Selecting best DAG from the family of DAGs based on AIC score

Thank you @Jeff Erlich for your suggestion to post my question on discourse. I would like to say to the Julia community here, I have posted a question(In the link) and have one more block regarding this https://julialang.slack.com/archives/C6821M4KE/p1623076255061000 issue.

I have a family of DAG saved in the path. This time I have 3 of them named Graph_…lg (In Screenshot)


. I wrote some code to calculate AIC for each of the graphs as

 # Upload the data.
inputFile = open_dialog("Select data file from Input data for BN")
NameOfData = basename(inputFile)
data = CSV.read(inputFile,DataFrame);
# Upload the graph obtained from K2
inputGraph = open_dialog("Select Graph from Auxiliry file")
NameOfGraph = basename(inputGraph)
Graph = loadgraph(NameOfGraph);

bn5 = fit(DiscreteBayesNet, data, (Graph));
 LogL = logpdf(bn5, data);
M, N = size(data)
k = N;
AIC = 2k-2LogL

(I wanted to attach some of my graph and test data but I don’t know how to attach files in discourse.

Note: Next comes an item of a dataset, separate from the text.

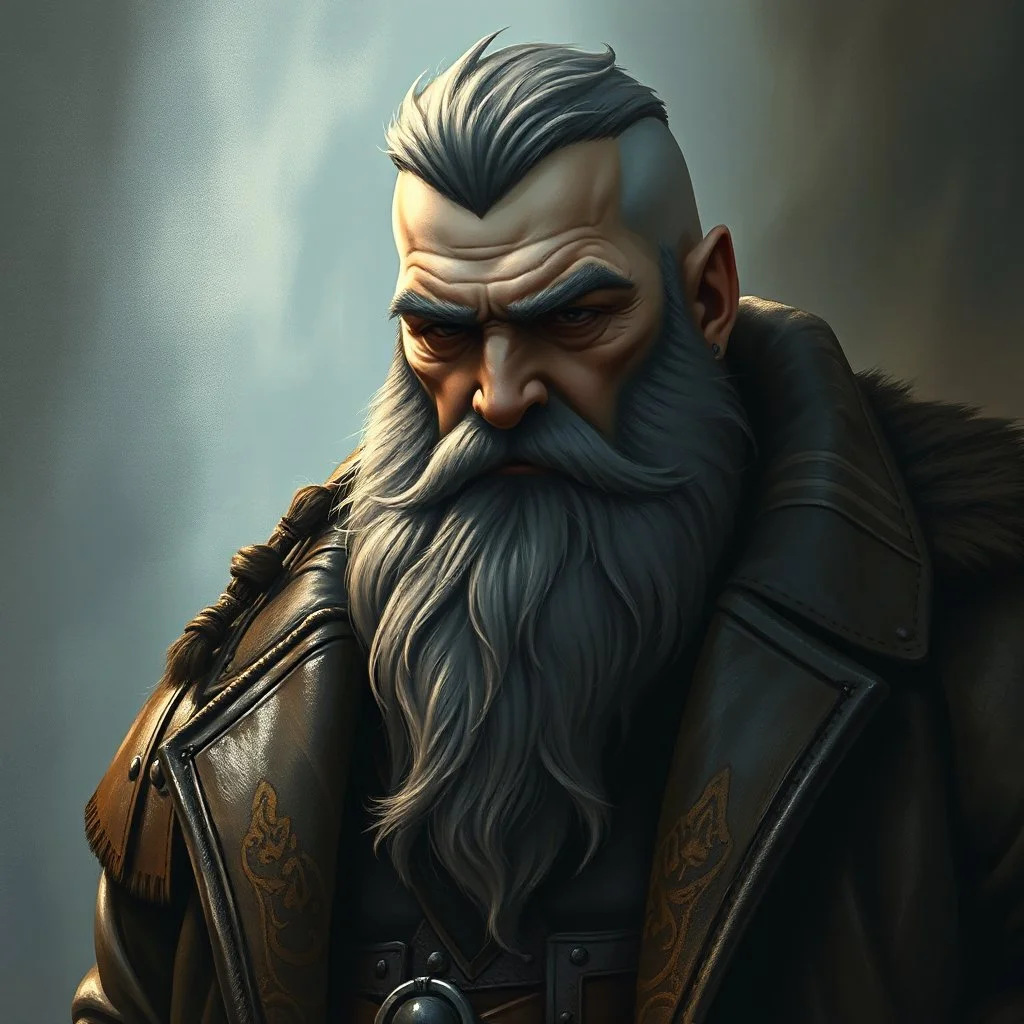 A large grey-skinned short beard man with a heavy leather coat fantasy grimdark realistic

If someone interested try please feel free to ask.). Since it is a manual process, the user has to select graphs each time to see their AIC score. I want to loop the process So that graph having the best AIC stay and the rest to be deleted automatically. Is it possible to in Julia or am I being unnecessarily too much ambitious? Please suggest me a way forward. In a later case, what can I do at least to identify the best graph from the family of graphs automatically based on their AIC calculated? Thank you very much in advance for taking the time to write.
Best Regards - Ashwani

I want to loop the process So that graph having the best AIC stay and the rest to be deleted automatically.

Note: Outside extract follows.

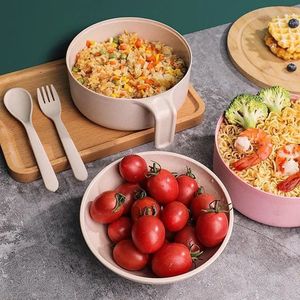 Japanese Style Instant Noodle Bowl With Lid Large Size Household Wheat Straw Tableware Chopsticks Set Solid Color - Product Image 3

Yes, this sounds like a very straight forward thing to do, perhaps to the point where I don’t understand what the issue is as it seems like it would be easier than what you are doing above.

Wouldn’t a loop like this be sufficient:

bestscore = 0
for file in readdir(dir_with_the_graphs)
    graph = loadgraph(file)
    score = fit_and_calc_score(graph)
    if score > bestscore
          bestscore = score
    else
          rm(file) # Deletes file on disk. Make sure you don't do this until you are sure the stuff above works unless you can easily recreate the graphs
    end
end

It sounds like you are doing some form of hyperparameter search or even neural architecture search. There are many methods and a couple of packages to do this.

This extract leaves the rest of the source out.